Required action
Copy the records out again in full, keeping them identical.
====== Data to use ======
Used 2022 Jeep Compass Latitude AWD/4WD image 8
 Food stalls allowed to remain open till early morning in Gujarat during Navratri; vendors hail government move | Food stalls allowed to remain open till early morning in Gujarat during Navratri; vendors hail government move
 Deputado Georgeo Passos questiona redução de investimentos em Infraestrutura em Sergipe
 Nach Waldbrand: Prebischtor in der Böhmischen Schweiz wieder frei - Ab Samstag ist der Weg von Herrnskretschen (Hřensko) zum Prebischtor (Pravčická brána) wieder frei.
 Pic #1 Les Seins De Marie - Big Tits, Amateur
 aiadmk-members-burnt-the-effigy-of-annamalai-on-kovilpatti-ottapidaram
======
Task solution
Used 2022 Jeep Compass Latitude AWD/4WD image 8
 Food stalls allowed to remain open till early morning in Gujarat during Navratri; vendors hail government move | Food stalls allowed to remain open till early morning in Gujarat during Navratri; vendors hail government move
 Deputado Georgeo Passos questiona redução de investimentos em Infraestrutura em Sergipe
 Nach Waldbrand: Prebischtor in der Böhmischen Schweiz wieder frei - Ab Samstag ist der Weg von Herrnskretschen (Hřensko) zum Prebischtor (Pravčická brána) wieder frei.
 Pic #1 Les Seins De Marie - Big Tits, Amateur
 aiadmk-members-burnt-the-effigy-of-annamalai-on-kovilpatti-ottapidaram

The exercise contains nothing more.